▶ [THE DATA]:
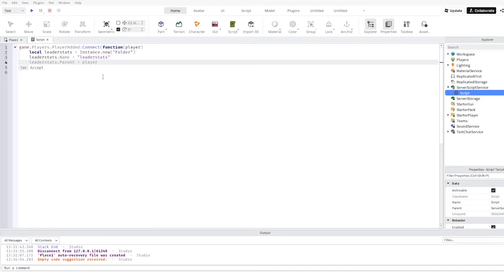then leaderstats dot parent equal to player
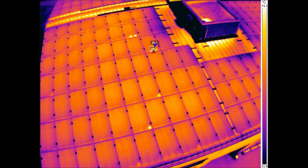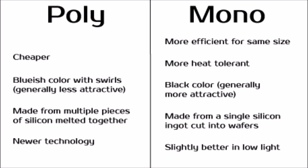Poly panels are less heat tolerant, which means that the degradation of power they produce is greater as temperature rises compared to mono. However, because of their bluish color they absorb less heat, so usually this isn't a problem.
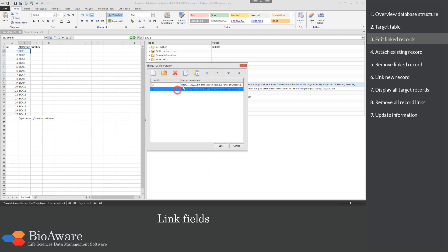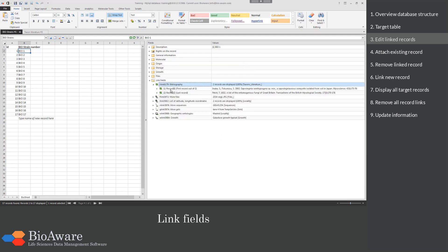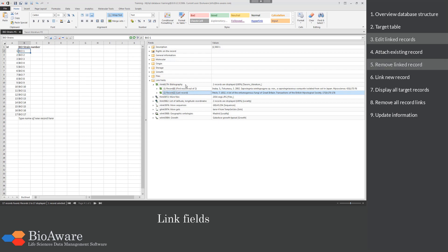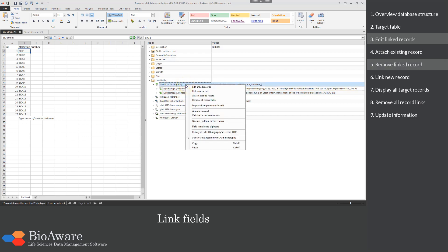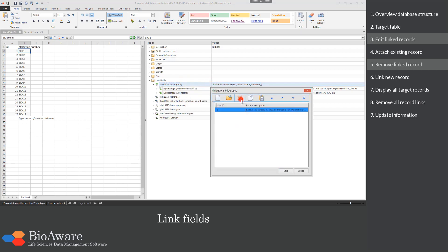It is possible to change the order using the arrow buttons on top. Now the bibliography field has two links. To remove a link, we can again go to Edit linked records, select the record from the list and click on the button Remove link.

▶ [EXERCISE OBJECTIVE]:
Without any pictures, reproduce the lines from the first one in the material through the line that has "Poly panels are", exactly as they appear.

▶ [EXPECTED OUTPUT]:
then leaderstats dot parent equal to player
Poly panels are less heat tolerant, which means that the degradation of power they produce is greater as temperature rises compared to mono. However, because of their bluish color they absorb less heat, so usually this isn't a problem.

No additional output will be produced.